A stochastic process with independent increments and Gaussian marginals is Gaussian

We prove that a stochastic process with independent increments and Gaussian marginals is Gaussian. To do so, we first define I.orderEmbOfFinWithBot : Fin (#I + 1) → T, which is the map (⊥, t₁, ..., tₙ), where t₁ < ... < tₙ are the elements of I and ⊥ is the smallest element of T.

Assume then that X is a stochastic process with independent increments and Gaussian marginals, and such that X ⊥ = 0 almost surely. Then X tᵢ = ∑ j ≤ i-1, (X tⱼ₊₁ - X tⱼ). Therefore the vector (X t₁, ..., X tₙ) can be obtained from the vector of the increments by a linear map. It remains to show that the vector of the increments is Gaussian. Because increments are independent, it is enough to show that each increment is Gaussian.
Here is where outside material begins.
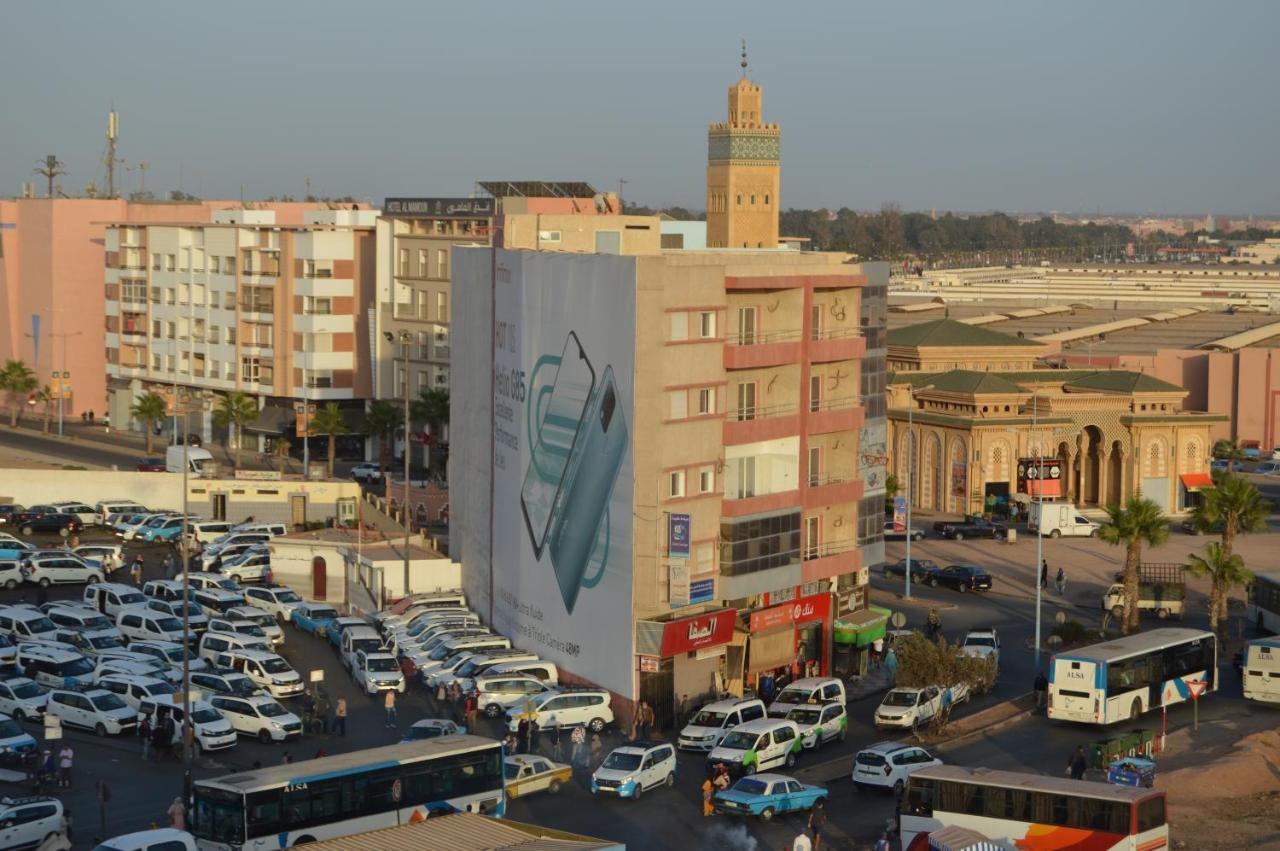 Hotel Zahrat Souss -Insgane Exteriör bild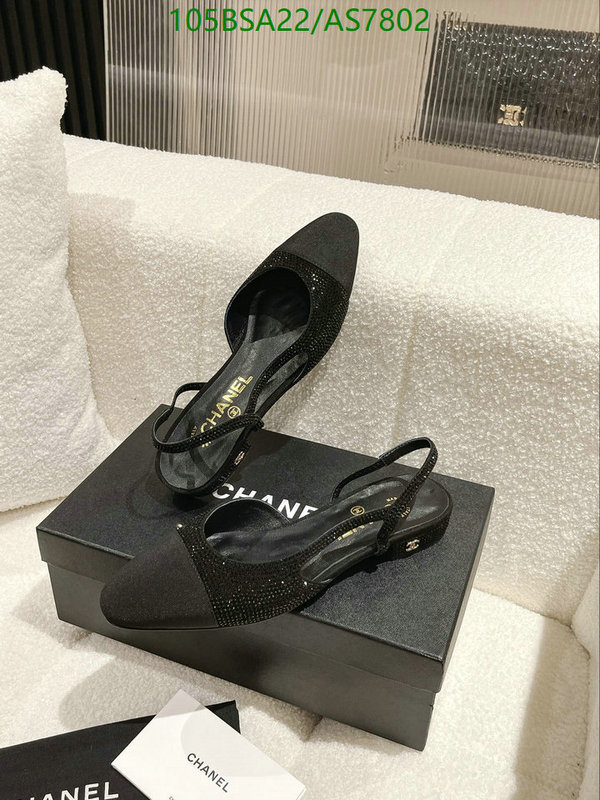 Women Shoes-Chanel Code: AS7802 $: 105USD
This follows from the fact that X tᵢ and X tᵢ₊₁ are Gaussian, and X tᵢ and X tᵢ₊₁ - X tᵢ are independent (see IndepFun.hasGaussianLaw_sub_of_sub).

Main statement

• HasIndepIncrements.isGaussianProcess: A stochastic process X with independent increments, such that X t is Gaussian for all t and such that X ⊥ = 0 almost surely is a Gaussian process.

Tags

independent increments, Gaussian process

theorem ProbabilityTheory.HasIndepIncrements.isGaussianProcess {T : Type u_1} {Ω : Type u_2} {E : Type u_3} {mΩ : MeasurableSpace Ω} {P : MeasureTheory.Measure Ω} [LinearOrder T] [OrderBot T] [NormedAddCommGroup E] [NormedSpace ℝ E] [MeasurableSpace E] [BorelSpace E] [SecondCountableTopology E] [CompleteSpace E] {X : T → Ω → E} (law : ∀ (t : T), HasGaussianLaw (X t) P) (h_bot : ∀ᵐ (ω : Ω) ∂P, X ⊥ ω = 0) (incr : HasIndepIncrements X P) : IsGaussianProcess X P

A stochastic process X with independent increments, such that X t is Gaussian for all t and such that X ⊥ = 0 almost surely is a Gaussian process.